7.Since at least Graham v Baker it has been recognised that it is convenient to assess an injured plaintiff's economic loss "by reference to the actual loss of wages which occurs up to the time of trial and which can be more or less precisely ascertained and then, having regard to the plaintiff's proved condition at the time of trial, to attempt some assessment of his future loss". But damages for both past loss and future loss are allowed to an injured plaintiff "because the diminution of his earning capacity is or may be productive of financial loss". Both elements are important. It is necessary to identify both what capacity has been lost and what economic consequences will probably flow from that loss. Only then will it be possible to assess what sum will put the plaintiff in the same position as he or she would have been in if injury had not been sustained.
8.No doubt the past may provide important evidence about the plaintiff's earning capacity and what economic consequences will probably flow from what has happened. What a worker earned in the past may provide very useful guidance about what would have been earned if that worker had not been injured. But the inquiry is an inquiry about the likely course of future events and evidence of past events does not always provide certain guidance about the future. There may be many reasons why an injured plaintiff's past work history provides no assistance in deciding what that plaintiff has lost through diminution of future earning capacity. ”
……
“23. Deciding what value is to be ascribed to the loss of future earning capacity of an injured plaintiff requires close attention to the facts of each case. The task is not one to be undertaken by seeking to classify cases as concerning "sole traders" or "partnerships" or "wage-earners" or "trading trusts", and then attempting to deduce some rule of general application to all cases falling within the classification thus devised. Rather the inquiry is about what could the plaintiff have done in the workforce but for the accident and what sum of money would the plaintiff have had at his or her disposal. Only when those inquiries are pursued can a judgment be made about what capital sum to allow as damages for the impairment of the plaintiff's earning capacity. In doing so, regard must be had, of course, to all those contingencies of life that might reasonably be expected to affect the course of events in the future".[13]
(Footnotes omitted)
[7] In many cases, the High Court has emphasised that the assessment of loss of earning capacity, both between injury and trial but particularly future, is not merely an arithmetical exercise. It involves a consideration and an assessment of the sum of money that a notional plaintiff would have had at his or her disposal but for the accident.
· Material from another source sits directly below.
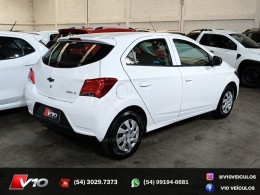 CHEVROLET - ONIX - 2017/2017 - Branca - R$ 47.900,00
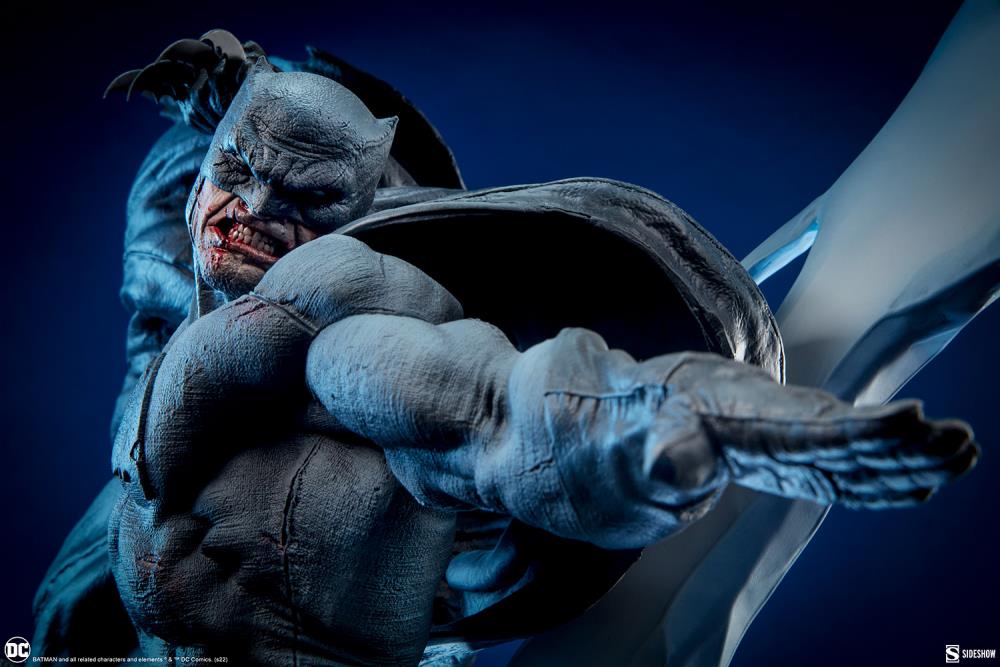 Batman: The Dark Knight Returns Premium Format Batman Limited Edition Statue Gallery Image 13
The inquiry into that issue necessarily involves the consideration of the hypothetical[14] circumstances that might have confronted a plaintiff before and subsequent to trial, or might be in prospect at the time of trial. In other words, necessarily, plaintiffs give evidence of what their plans were, what their aspirations were and what they thought their capabilities in the future might, if uninjured, might have been as well as what they might be in the circumstances of the injury.
[8] Indeed, a part of the inquiry by the defendant at trial often is directed to those issues so as to flesh out a better picture of what might have been the circumstances applicable absent injury and into the future when the hypothetical of the past and future loss is considered. For these reasons, statements of the nature that “absent injury, my plans in the future were to be” are receivable. The ultimate forensic question at the trial, is whether the evidence is persuasive and what weight is given to it and what role it plays, if any, ultimately in the assessment of the damages.
[9] It is with those observations in mind I turn to the impugned sentences of the quantum statement.[15]
Footnotes
[1] This is a revised and amended version of ex tempore reasons given upon an objection to admissibility on day 3 of the trial
[2] Exhibit 5
[3] (2012) QSC 192 at [97]
[4] (2010) NSWCA 311 at [118] to [126]
[5] Whatever the statutory term “inadmissible” means in this context, see for example Attard v James Legal Pty Ltd at [121] ff.
[6] In fairness to Mr Crow QC who led for the defendants the submission was made while recognising some of the matters I will canvass hereafter.
[7] Annotated Civil Liability Legislation – Queensland 3rd edition, editors Douglas Mullins & Grant, Lexis Nexis Butterworths 2012 at para 11.10 & 11.18.
[8] See Annotated Civil Liability Legislation – Queensland at para 11.18.
[9] Consider some of the cases referred to in Annotated Civil Liability Legislation – Queensland at paras 11.10 & 11.18 cf Attard v James Legal Pty Ltd [2010] NSWCA 311 at [120].
[10] Consider section 11(3) in context.
[11] (1999) 197 CLR 138.
[12] Husher v Husher & Anor (1999) 197 CLR 138 at 142–143, [6] – [8].
[13] Husher v Husher at 148-149
[14] The enquiry into the “hypothetical” in the assessment of damages is considered in the important decision of Malec v JC Hutton Pty Ltd (1990) 169 CLR 638. See also Luntz, “Assessment of Damages for Personal Injury and Death: General Principles”, Lexis Nexis Butterworths, 2006 at paras 9.7-9.11.
[15] On day 4 of the trial the parties announced that they had agreed terms of settlement.